There is no poetry whatsoever in being in a neighborhood that’s been flooded by seawater. The streets in my neighborhood are littered with debris. The stuff from the ocean is slimy but not so bad. The garbage from the trash cans that weren’t tied down and taped shut is pretty gross. The National Guard is standing sentinel at all the entrances to our neighborhood. Residents wander around, looking a little lost, cadging cigarettes and stepping over piles of detritus.

I suppose there was a wild beauty to the storm itself. One neighbor, describing the high tide that she watched swirl into her basement, told us that the water “was so happy.” She said that the water came in so fast that cars were moved. I don’t have any photos for you this year. We evacuated to the home of some generous friends and stayed there for days.

This is the second time in as many years that we’ve been flooded by a storm surge that coincided with a full moon. We were lucky – the flood stayed in the basement.

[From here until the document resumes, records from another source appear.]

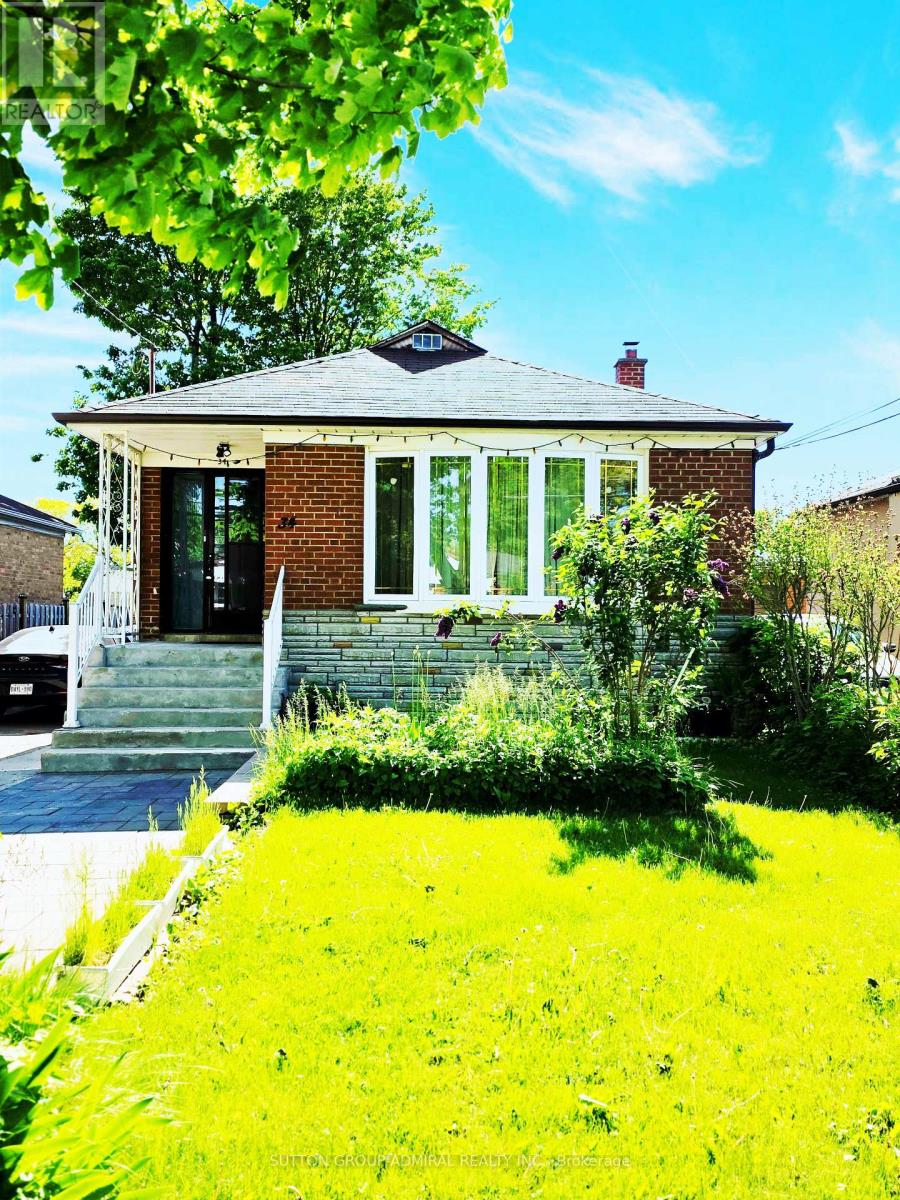 Main Flr - 34 Crocus Drive, Toronto, Ontario  M1R 4S6 - Photo 3 - E13006660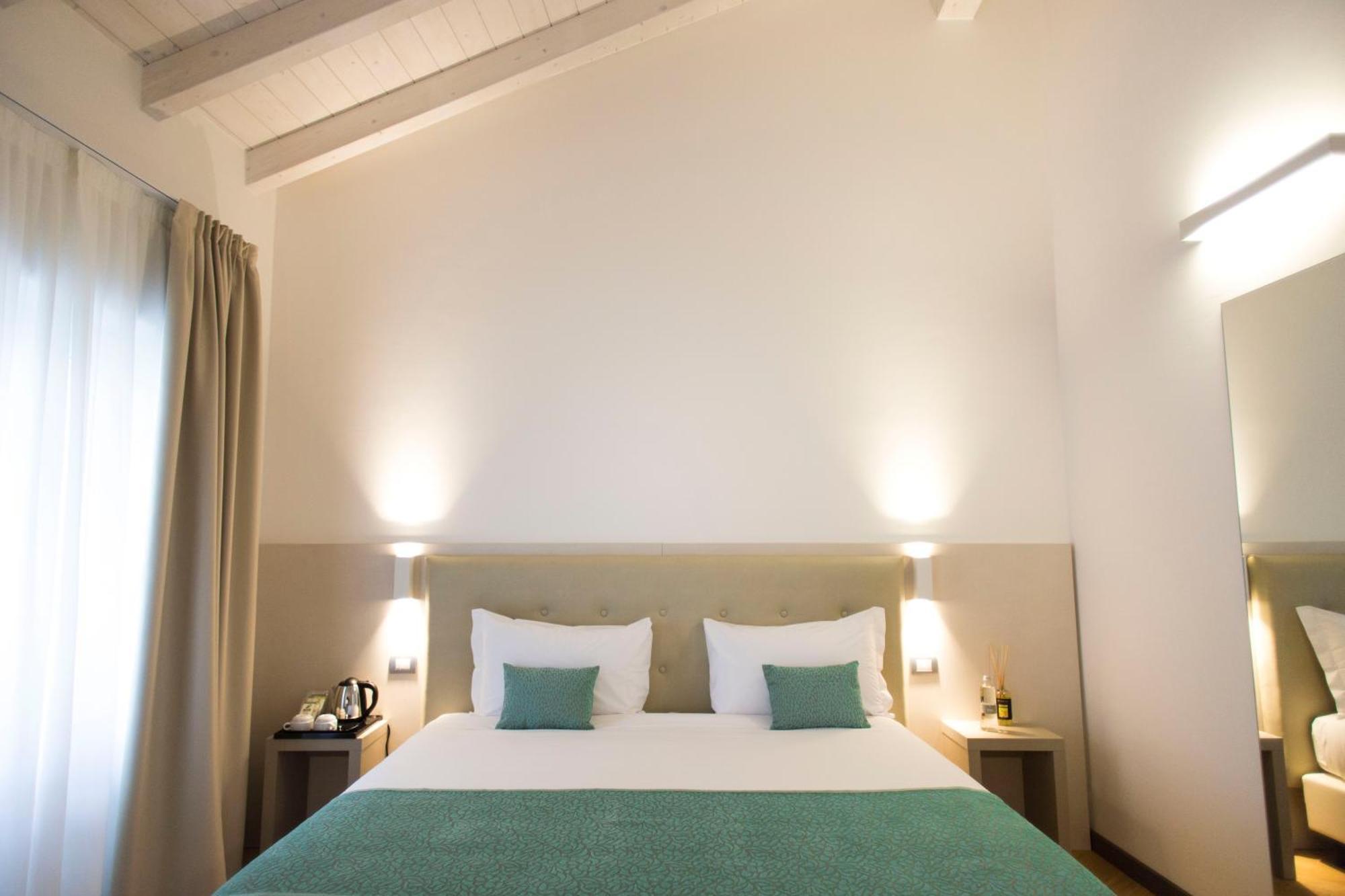Hotel Ponti Angera Extérieur photo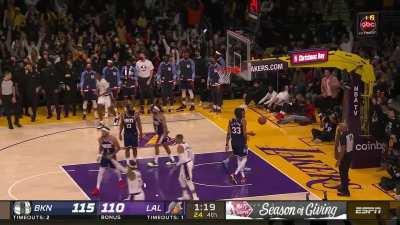 [Highlight] LeBron sinks a deep three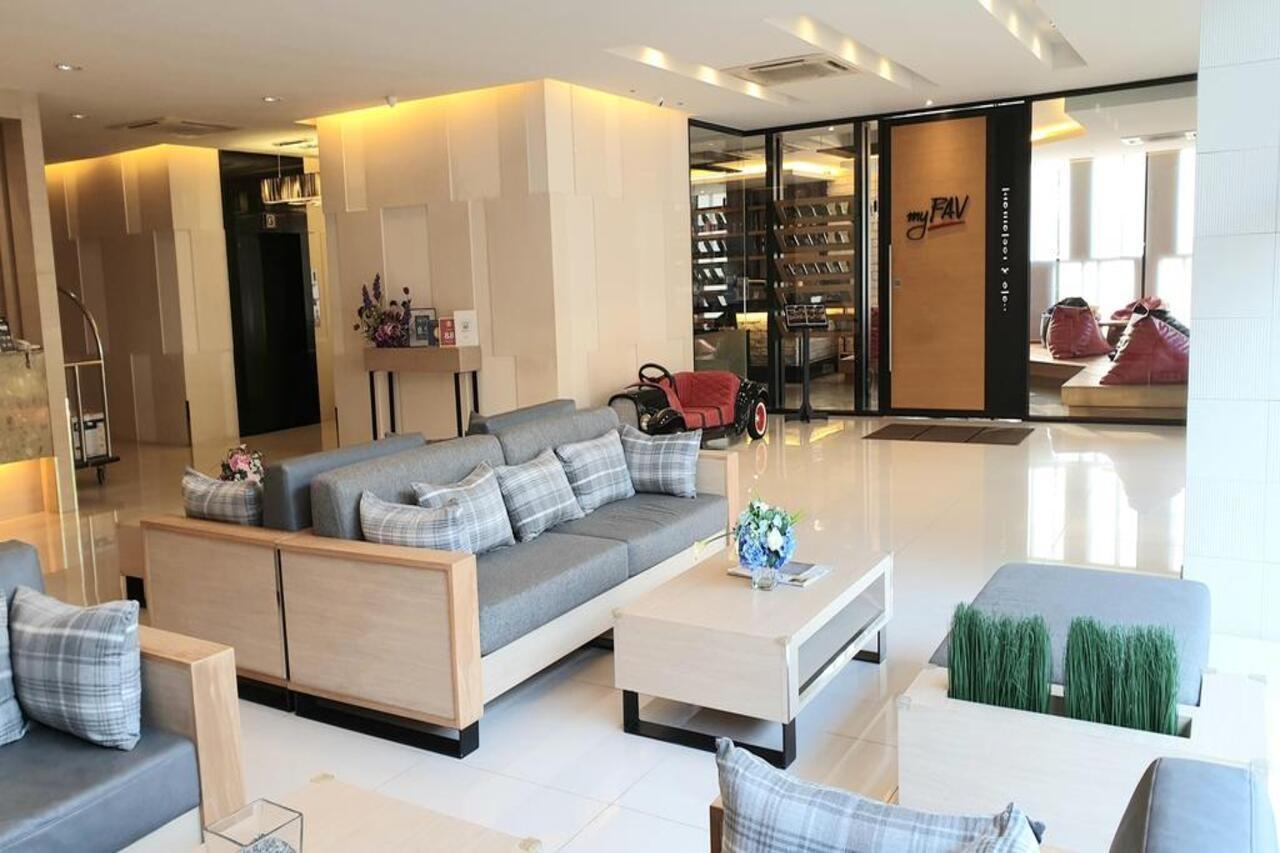 Hotel Parinda 4*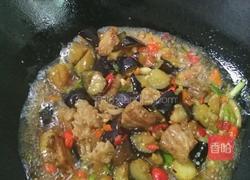 红烧肉烩茄子的做法图解10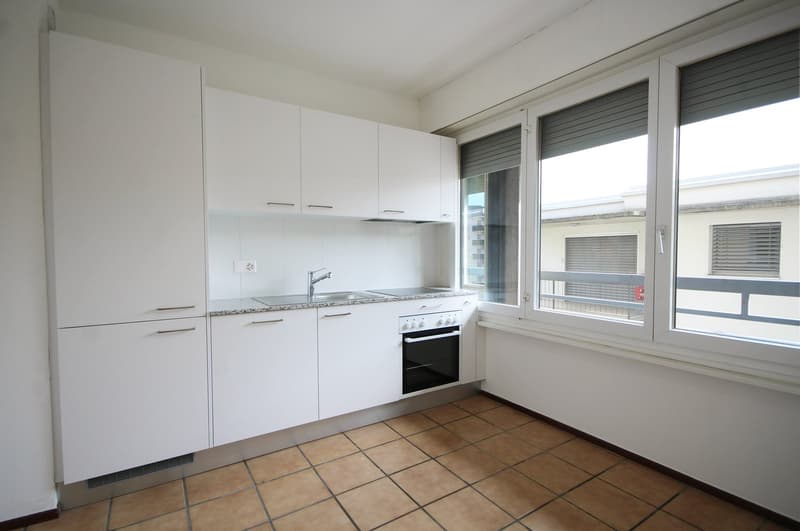 Chiasso: geräumige 5.5-Zimmer-Wohnung mit Balkonen (4)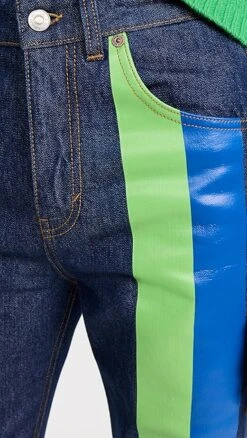 Victoria Beckham Julia Jeans -Denim Diva Shop vbedb302641eed2 1671663238558 2 0. UX357 QL90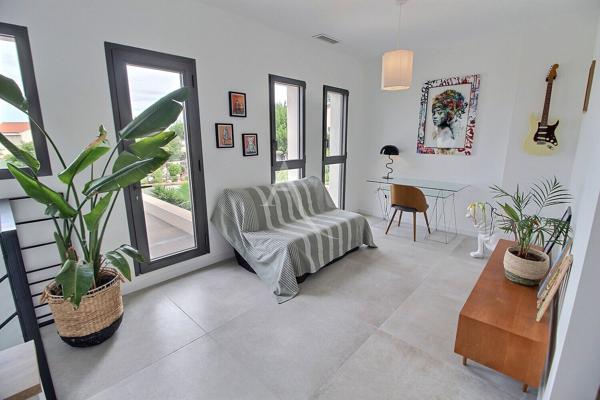 VILLA CONTEMPORAINE DE 150 M² DE TYPE F4 AVEC PISCINE SUR TERRAIN DE 530 M²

I’ve seen some people online criticize us and the people who live in our neighborhood for living near the shore. But the house we’re in is the home we’ve inherited. Until last year, it never flooded. This is the second 30-year storm in two years, who knows what will happen next year. So maybe we will move.  Or maybe we will move the boiler and the fuse box up to the first floor and prepare to weather the climate change for as long as we can.